ISLAMABAD: In a major policy reversal, the federal government has announced the immediate abolition of the 3% Federal Excise Duty (FED) imposed on the first sale of all properties, a move aimed at reviving Pakistan's struggling real estate sector. This controversial tax had been in effect since July 2024 and had faced widespread criticism for stifling growth in the housing and property market.
The decision comes after nearly 10 months of industry backlash and was made in consultation with the International Monetary Fund (IMF), according to a senior Federal Board of Revenue (FBR) official. The IMF is also scheduled to send a budget review mission to Pakistan on May 14 to assess the fiscal plan for the 2025–26 financial year.
As per FBR sources, the FED rates of 3% for tax filers and 5% for non-filers on the first sale, transfer, or allotment of properties will now be abolished. A formal summary to initiate the legal process has been submitted, with the government aiming to complete the repeal within this month, pending cabinet and legislative approval.
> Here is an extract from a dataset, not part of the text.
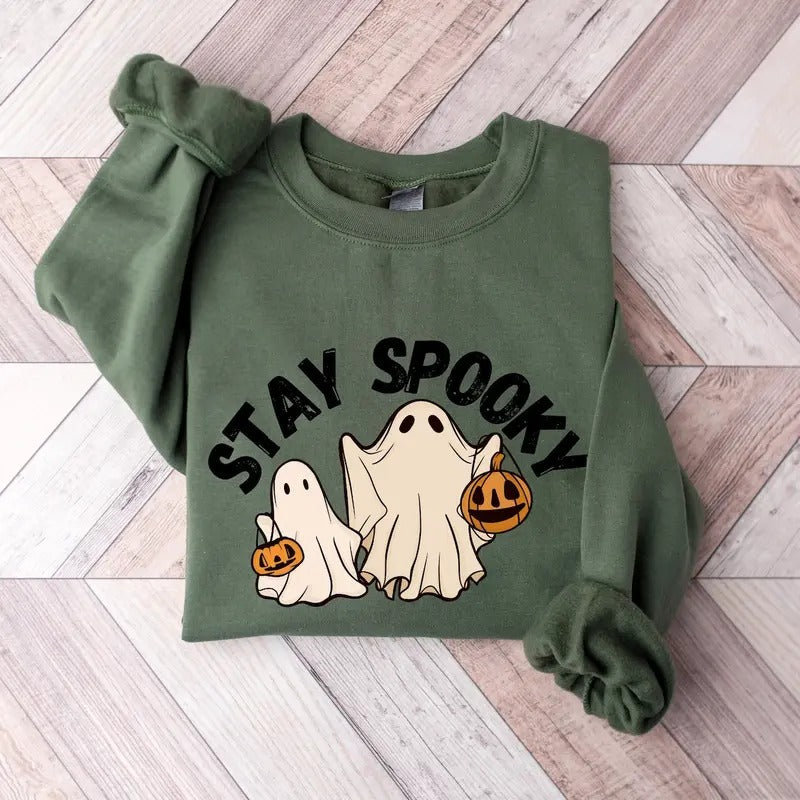 Stay Spooky Cute Ghost Sweatshirt, Halloween Ghost Pumpkin Sweatshirt, Halloween Stay Spooky Sweater, Halloween Stay...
Dr. Najeeb Memon, spokesperson for the FBR, confirmed that the prime minister’s task force on housing had recommended scrapping the FED and legislation to that effect is expected soon. He emphasized that the tax had not only hampered the sector but also created friction due to its legal ambiguity, as immovable property falls under provincial jurisdiction per the Constitution. Many real estate authorities resisted implementing the FED, and several taxpayers challenged it in court.
During the current fiscal year’s first nine months (July–March), revenue collection from this tax was negligible. Industry insiders argue that the levy discouraged investment and increased the cost of doing business, particularly in housing development.
Finance Minister Muhammad Aurangzeb has already approved the summary to repeal the FED, and it will now be presented to the federal cabinet to amend the Federal Excise Duty Act. The government is keen to finalize the process promptly to provide relief to the property market ahead of the upcoming budget.
The FED, introduced in last year’s budget, applied to all new sales of residential and commercial properties—houses, apartments, and plots—after June 30, 2024. The rates were 3% for active tax filers, 5% for late filers, and 7% for non-filers, and the tax was collected at the time of booking, allotment, or transfer.
Despite repeated attempts, IMF Resident Representative Mahir Binici did not comment on whether the IMF officially endorsed this policy shift.